(Short web captions)
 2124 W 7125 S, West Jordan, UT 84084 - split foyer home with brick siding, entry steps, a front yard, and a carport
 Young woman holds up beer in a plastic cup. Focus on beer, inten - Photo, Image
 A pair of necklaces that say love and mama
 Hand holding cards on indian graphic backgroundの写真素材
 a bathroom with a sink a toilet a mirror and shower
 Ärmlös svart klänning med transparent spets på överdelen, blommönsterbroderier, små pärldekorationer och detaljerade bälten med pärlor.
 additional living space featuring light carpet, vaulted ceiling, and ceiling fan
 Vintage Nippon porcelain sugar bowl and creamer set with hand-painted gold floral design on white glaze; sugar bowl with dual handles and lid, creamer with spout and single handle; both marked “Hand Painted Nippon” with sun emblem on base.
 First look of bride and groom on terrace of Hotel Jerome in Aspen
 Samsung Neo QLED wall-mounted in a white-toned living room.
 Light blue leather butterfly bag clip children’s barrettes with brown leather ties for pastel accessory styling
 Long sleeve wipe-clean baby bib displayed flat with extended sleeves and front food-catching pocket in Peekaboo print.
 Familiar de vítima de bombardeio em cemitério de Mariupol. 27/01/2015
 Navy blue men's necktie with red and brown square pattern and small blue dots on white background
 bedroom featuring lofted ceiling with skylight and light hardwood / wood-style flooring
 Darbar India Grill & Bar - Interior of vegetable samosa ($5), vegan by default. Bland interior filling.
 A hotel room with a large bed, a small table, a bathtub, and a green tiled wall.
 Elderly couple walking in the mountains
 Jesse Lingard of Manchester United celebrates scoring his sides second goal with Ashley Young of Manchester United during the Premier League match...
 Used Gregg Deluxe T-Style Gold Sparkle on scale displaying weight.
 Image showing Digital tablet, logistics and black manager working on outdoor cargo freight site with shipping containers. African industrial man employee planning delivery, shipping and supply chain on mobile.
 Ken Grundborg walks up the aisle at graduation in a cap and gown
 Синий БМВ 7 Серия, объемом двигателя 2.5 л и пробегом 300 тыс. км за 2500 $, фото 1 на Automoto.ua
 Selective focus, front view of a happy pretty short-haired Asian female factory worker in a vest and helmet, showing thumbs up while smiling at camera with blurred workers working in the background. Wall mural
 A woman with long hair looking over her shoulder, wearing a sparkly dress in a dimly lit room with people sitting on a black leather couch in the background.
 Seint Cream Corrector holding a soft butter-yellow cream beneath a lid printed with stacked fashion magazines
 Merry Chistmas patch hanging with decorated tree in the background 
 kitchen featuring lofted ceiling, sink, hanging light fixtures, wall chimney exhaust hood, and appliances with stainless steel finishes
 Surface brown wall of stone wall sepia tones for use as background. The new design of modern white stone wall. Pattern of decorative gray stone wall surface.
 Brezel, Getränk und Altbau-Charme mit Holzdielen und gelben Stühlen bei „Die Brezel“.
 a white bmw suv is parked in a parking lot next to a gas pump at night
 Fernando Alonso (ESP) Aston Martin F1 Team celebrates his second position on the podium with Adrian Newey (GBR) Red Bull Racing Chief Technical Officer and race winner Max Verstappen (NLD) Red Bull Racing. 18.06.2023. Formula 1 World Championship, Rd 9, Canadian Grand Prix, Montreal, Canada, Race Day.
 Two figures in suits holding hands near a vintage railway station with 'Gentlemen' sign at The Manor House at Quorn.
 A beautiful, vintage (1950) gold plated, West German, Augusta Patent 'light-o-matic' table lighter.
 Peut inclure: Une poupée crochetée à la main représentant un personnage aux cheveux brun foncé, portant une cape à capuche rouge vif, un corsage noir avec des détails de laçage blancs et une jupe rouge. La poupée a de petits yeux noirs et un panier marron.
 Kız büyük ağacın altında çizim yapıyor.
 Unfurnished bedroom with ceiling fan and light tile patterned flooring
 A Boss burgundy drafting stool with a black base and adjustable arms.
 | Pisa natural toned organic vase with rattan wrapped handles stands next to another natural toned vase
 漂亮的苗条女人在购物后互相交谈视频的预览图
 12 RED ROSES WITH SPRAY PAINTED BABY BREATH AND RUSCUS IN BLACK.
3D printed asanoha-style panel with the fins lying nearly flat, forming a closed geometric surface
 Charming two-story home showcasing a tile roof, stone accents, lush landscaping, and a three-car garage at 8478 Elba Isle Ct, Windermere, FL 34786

## EXERCISE DESCRIPTION
Repeat exactly the lines from the one containing "漂亮的苗条女人在购物后互相交谈视频的预览图" through the last line of the records above, both included, and nothing else.

## RESULT OF THIS TASK
 漂亮的苗条女人在购物后互相交谈视频的预览图
 12 RED ROSES WITH SPRAY PAINTED BABY BREATH AND RUSCUS IN BLACK.
3D printed asanoha-style panel with the fins lying nearly flat, forming a closed geometric surface
 Charming two-story home showcasing a tile roof, stone accents, lush landscaping, and a three-car garage at 8478 Elba Isle Ct, Windermere, FL 34786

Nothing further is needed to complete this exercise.